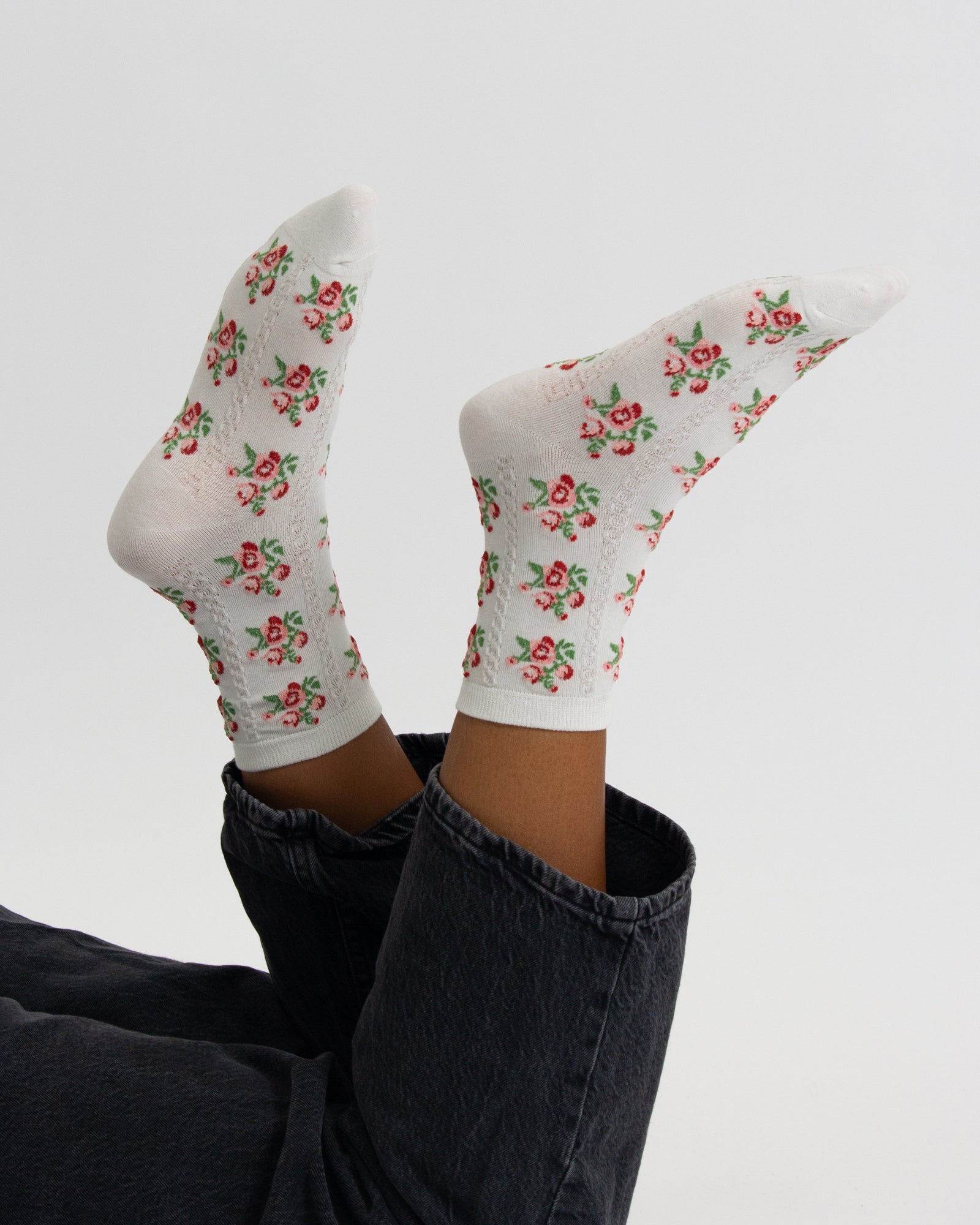 White socks with floral pattern worn by a person on a light gray background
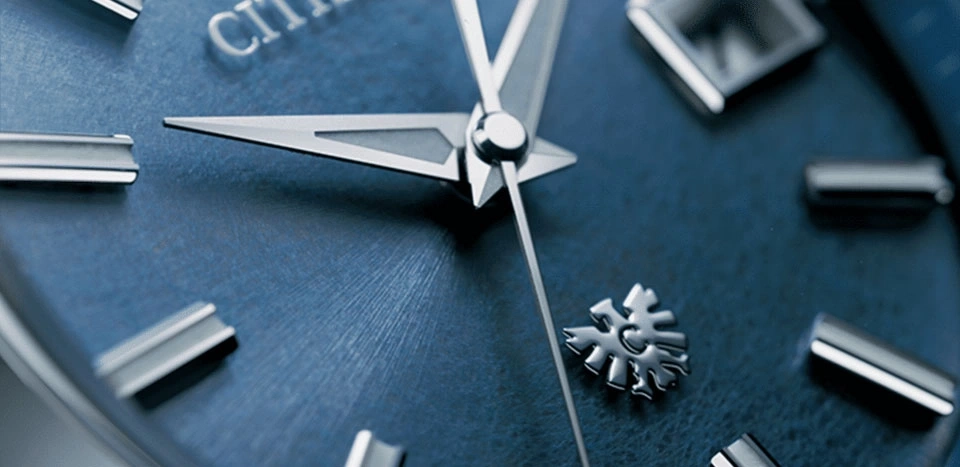 Close-up of a blue watch face with silver hands and markers, Citizen logo.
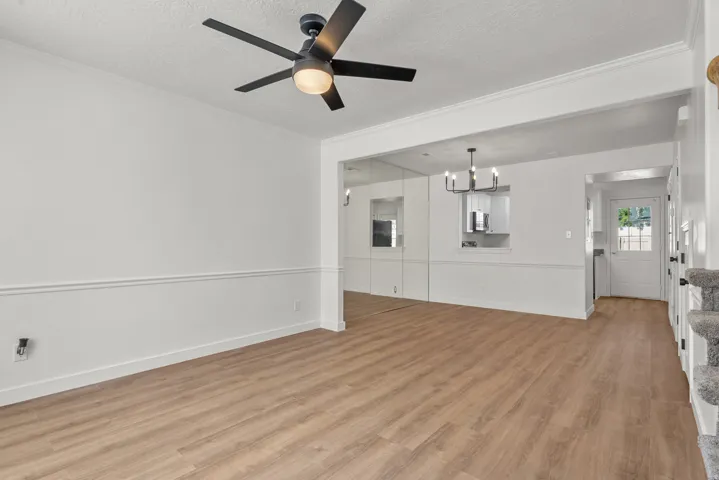 Wood-finish flooring, crown molding, chair rail molding, and a modern ceiling fan with integrated lighting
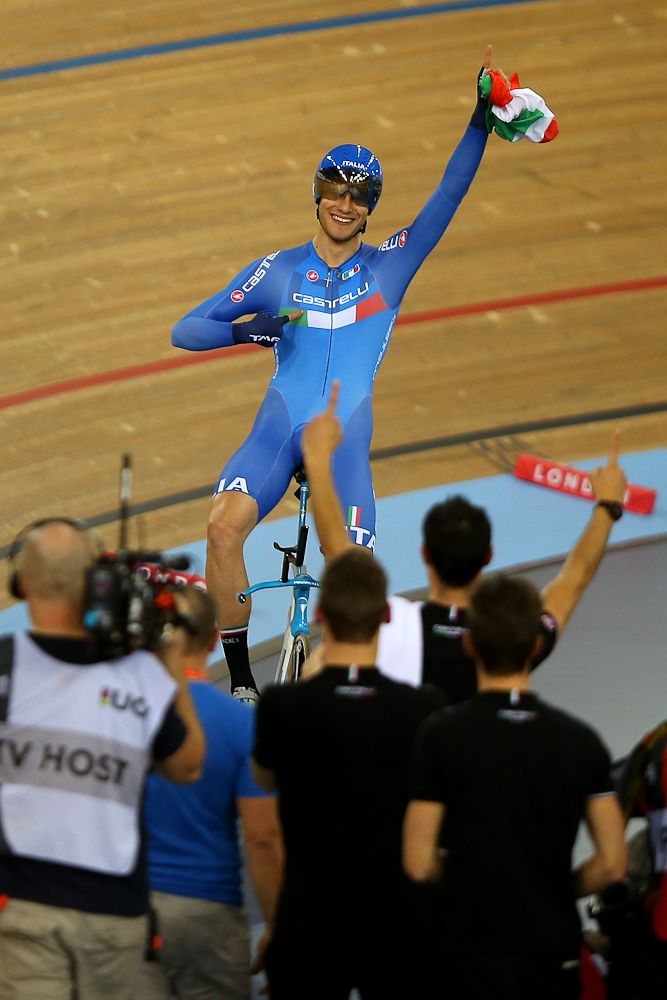 Filippo Ganna of Italy celebrates after winning The Men's Individual Pursuit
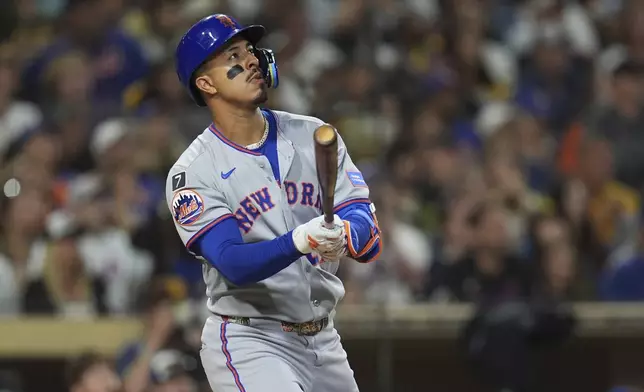 New York Mets' Mark Vientos watches his grand slam during the fifth inning of a baseball game against the San Diego Padres Monday, July 28, 2025, in San Diego. (AP Photo/Gregory Bull)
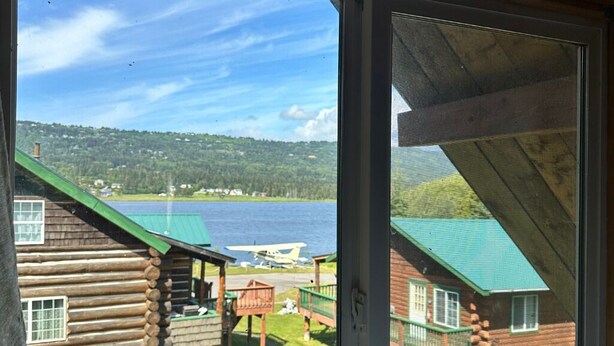 A log cabin with a green roof and a view of a lake and a small airplane in the background. - Chenik Cabin, Homer Floatplane Lodge (Homer)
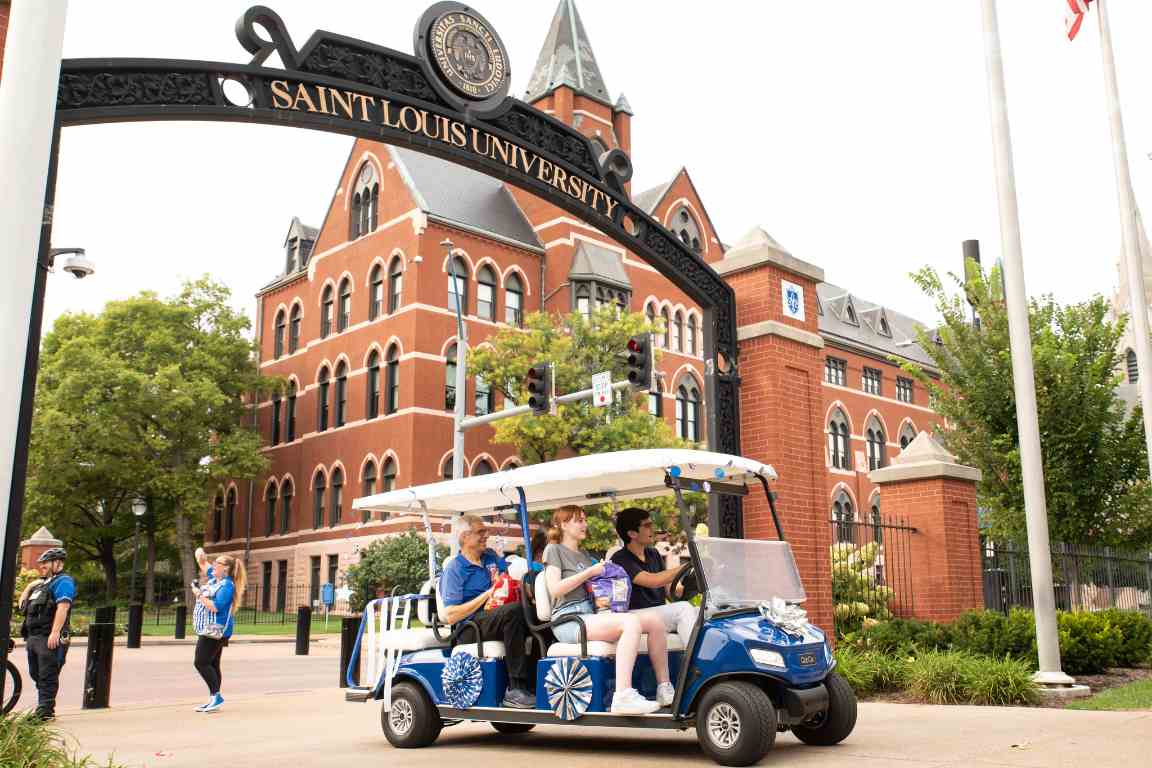 Dr Fred Pestello rides a golf cart through SLU's archways along Grand Boulevard in the 2023 golf cart parade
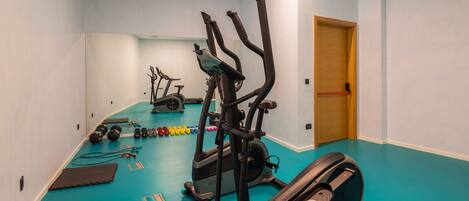 A gym with various exercise equipment, including treadmills and weights, on a blue floor.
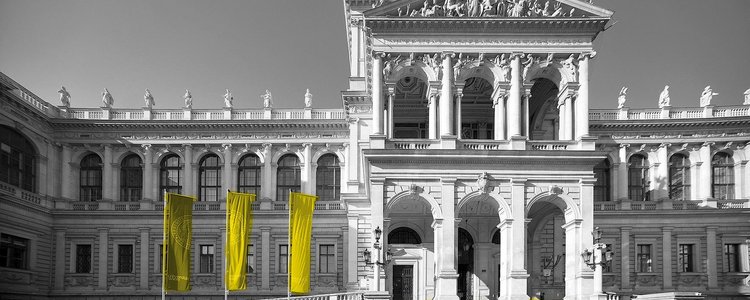Außenansicht des Haupgebäudes der Universität Wien mit Flaggen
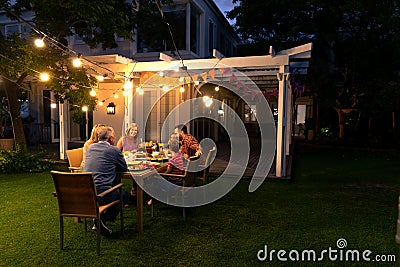 Happy Caucasian family eating together at table Stock Photo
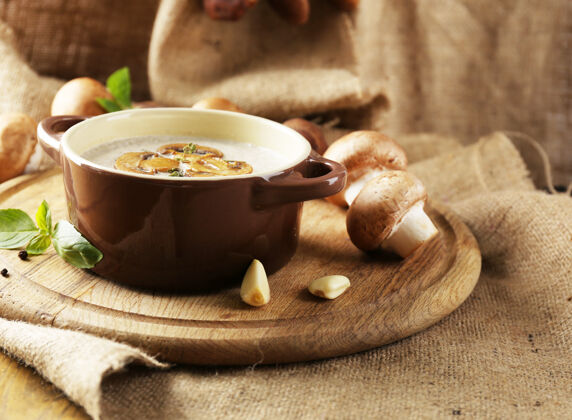 蘑菇用蘑菇汤在锅里 新鲜和干燥的蘑菇 在木桌上 在麻布上组成切片奶油锅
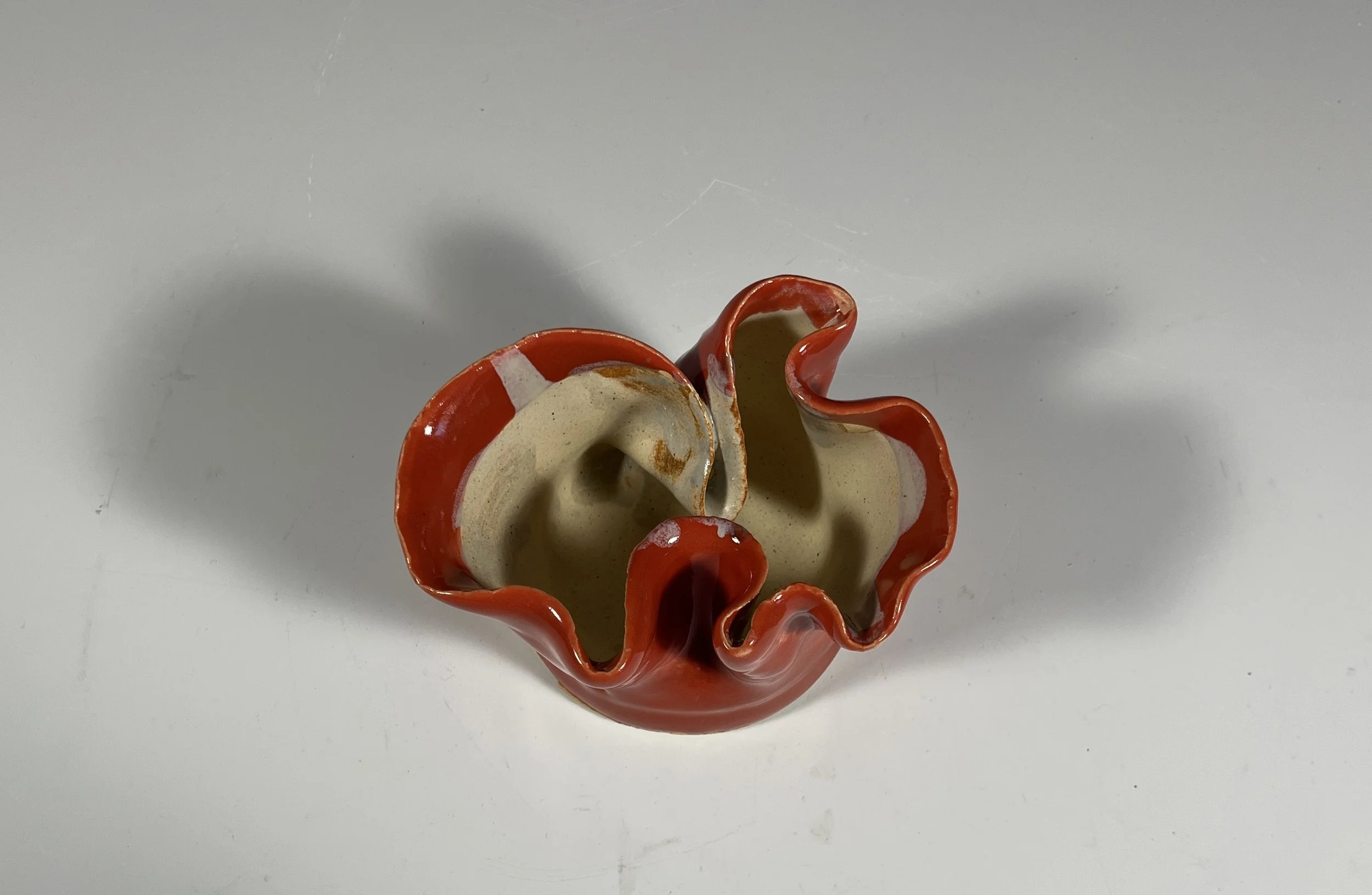 Ceramic bowl with a red, ruffled edge, beige interior, and irregular shape, casting a shadow on a white surface.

Task statement: Please reproduce the entries above line by line, exactly, leaving out each image.

Expected output:
 White socks with floral pattern worn by a person on a light gray background
 Close-up of a blue watch face with silver hands and markers, Citizen logo.
 Wood-finish flooring, crown molding, chair rail molding, and a modern ceiling fan with integrated lighting
 Filippo Ganna of Italy celebrates after winning The Men's Individual Pursuit
 New York Mets' Mark Vientos watches his grand slam during the fifth inning of a baseball game against the San Diego Padres Monday, July 28, 2025, in San Diego. (AP Photo/Gregory Bull)
 A log cabin with a green roof and a view of a lake and a small airplane in the background. - Chenik Cabin, Homer Floatplane Lodge (Homer)
 Dr Fred Pestello rides a golf cart through SLU's archways along Grand Boulevard in the 2023 golf cart parade
 A gym with various exercise equipment, including treadmills and weights, on a blue floor.
Außenansicht des Haupgebäudes der Universität Wien mit Flaggen
 Happy Caucasian family eating together at table Stock Photo
 蘑菇用蘑菇汤在锅里 新鲜和干燥的蘑菇 在木桌上 在麻布上组成切片奶油锅
 Ceramic bowl with a red, ruffled edge, beige interior, and irregular shape, casting a shadow on a white surface.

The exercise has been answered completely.